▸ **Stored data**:

Segment Open

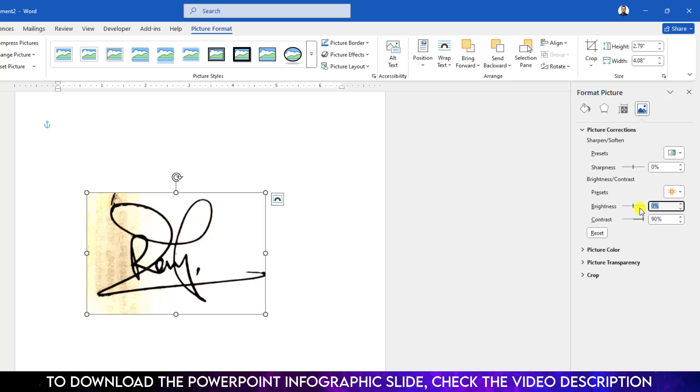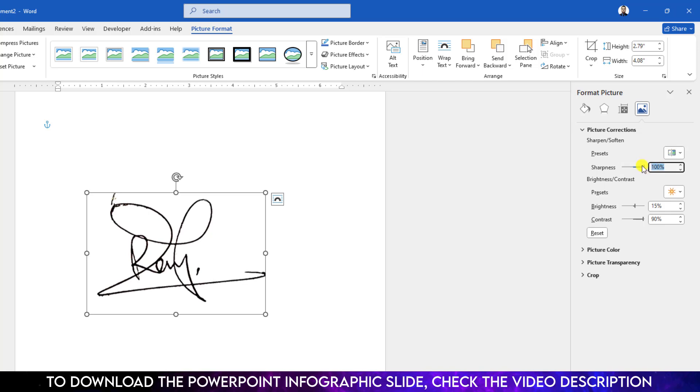Then change the brightness to 15 percent, then increase the sharpness to around 100 or 90 percent. And here you will see this is the perfect one.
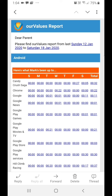The first section in the report shows the amount of time your child spent on each app, broken down by day. In our example, the first row shows Mark spent 27 minutes using Candy Crush Saga on Friday, and 5 minutes on Saturday, totalling 32 minutes for the week. A summary of all other apps used during the week follows.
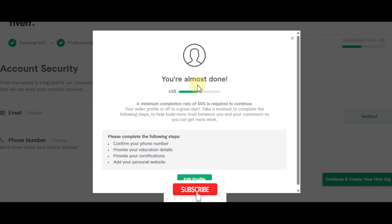A minimum completion rate of 65% is required to continue. Your seller profile is off to a great start — take a moment to complete the following steps to help build trust. Let me just add my education and personal website.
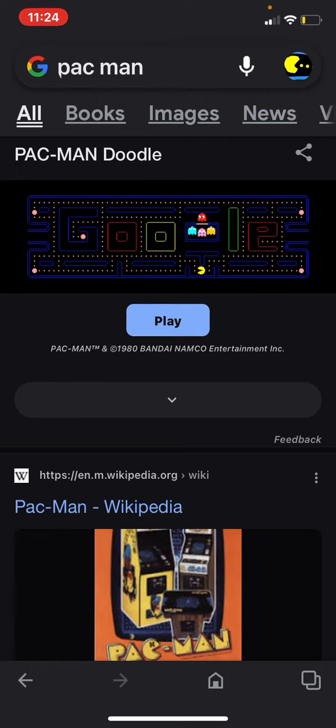You're probably thinking, wait, hold on, I can actually play this? Well, check this out. Watch this, guys. This is so freaking cool.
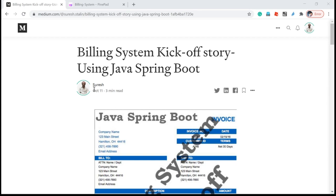Welcome back friends. We are building a billing system kickoff story using Java Spring Boot. This is a small article I have posted on medium.com. I will explain why I posted this article. So far I have posted 30 video sessions about Spring Boot, and hopefully those videos are very helpful for people who are learning Spring Boot.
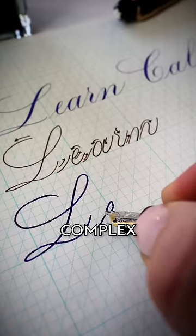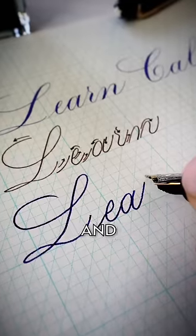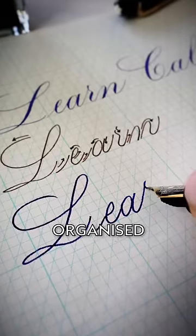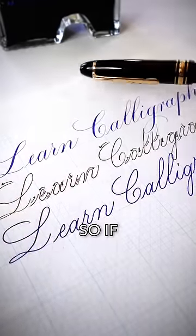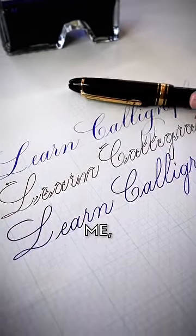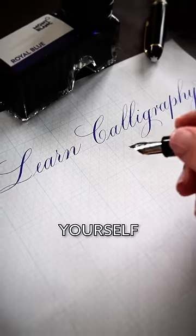This approach took a complex art form and made it feel organized and approachable. So if you're like me, you've probably asked yourself,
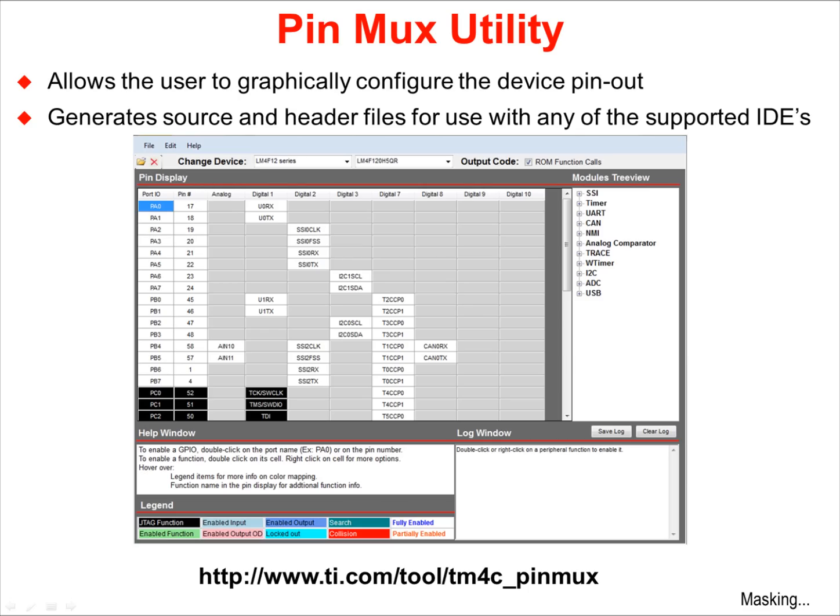The utility generates human-readable source and header files that can be included in your project regardless of the IDE that you are using. We will often generate the C configuration files and simply cut and paste from them into our code.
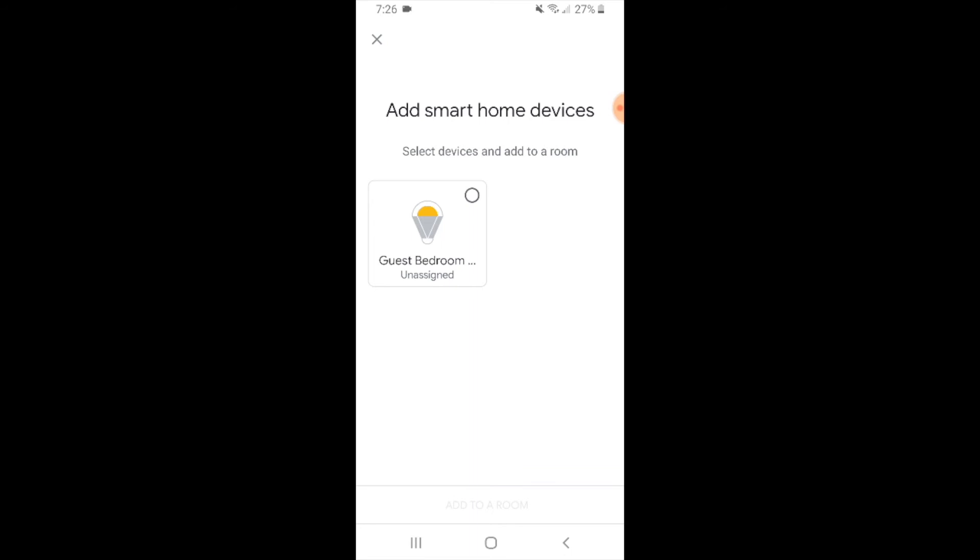You should be able to see all of your Lutron Caseta devices in the app. Once you connect it, you don't need to connect each individual device to Google Home. Once you make the connection to the Lutron Caseta app and Google Home, they will all be connected and show up here on the app.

Segment Closed

▸ **YOUR GOAL**:
Only the lines from the one containing "The utility generates" through the last line of the entries belong in the answer, given again exactly. Images stay out.

▸ **YOUR RESPONSE**:
The utility generates human-readable source and header files that can be included in your project regardless of the IDE that you are using. We will often generate the C configuration files and simply cut and paste from them into our code.
You should be able to see all of your Lutron Caseta devices in the app. Once you connect it, you don't need to connect each individual device to Google Home. Once you make the connection to the Lutron Caseta app and Google Home, they will all be connected and show up here on the app.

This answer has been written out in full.